Simply for education purposes, I was trying to build upon the Basic training loops tutorial from the TensorFlow homepage to create a simple neural network that classifies points in the plane.
So, I have some points in [0,1]x[0,1]
stored in a tensor x
of shape (250, 2, 1)
and the corresponding labels (1. or 0.)
stored in a tensor y
of shape (250,1,1)
. Then I do
import tensorflow as tf
w0 = tf.Variable(tf.random.normal([4,2]), name = 'w0')
w1 = tf.Variable(tf.random.normal([1,4]), name = 'w1')
b1 = tf.Variable(tf.zeros([4,1]), name = 'b1')
b2 = tf.Variable(tf.zeros([1,1]), name = 'b2')
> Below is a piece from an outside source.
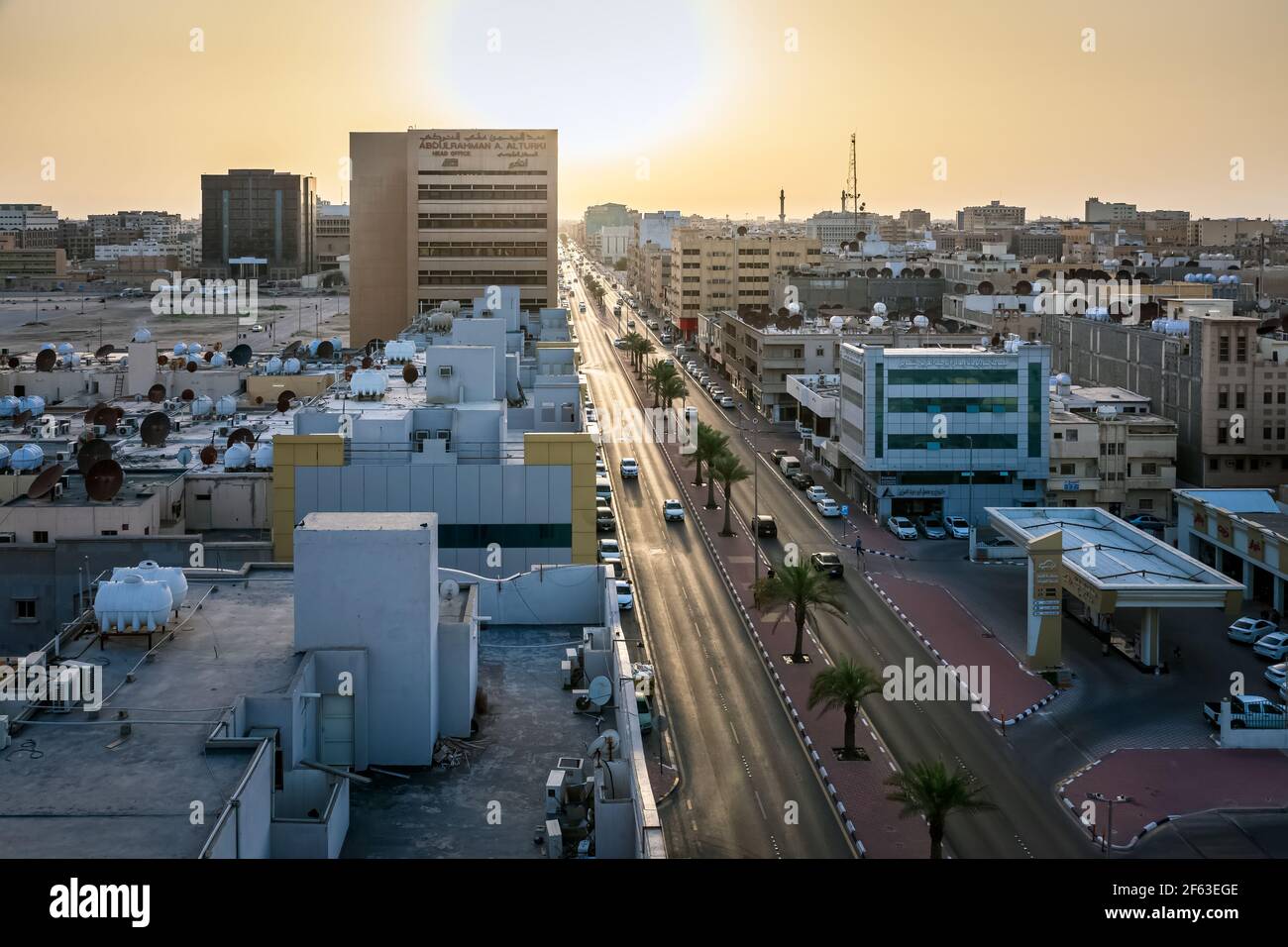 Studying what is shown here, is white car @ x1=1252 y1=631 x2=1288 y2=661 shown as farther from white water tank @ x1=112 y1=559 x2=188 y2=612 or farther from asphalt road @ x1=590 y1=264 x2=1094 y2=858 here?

loss = tf.keras.losses.CategoricalCrossentropy()
def forward(x):
x0 = x
z1 = tf.matmul(w0, x0) + b1
x1 = tf.nn.relu(z1)
z2 = tf.matmul(w1, x1) + b2
x2 = tf.nn.sigmoid(z2)
return x2
with tf.GradientTape() as t:
current_loss = loss(y, forward(x))
gradients = t.gradient(current_loss, [b1, b2, w0, w1])
What I get is a list of tensors of the expected shape but only containing zeros. Anyone some advice?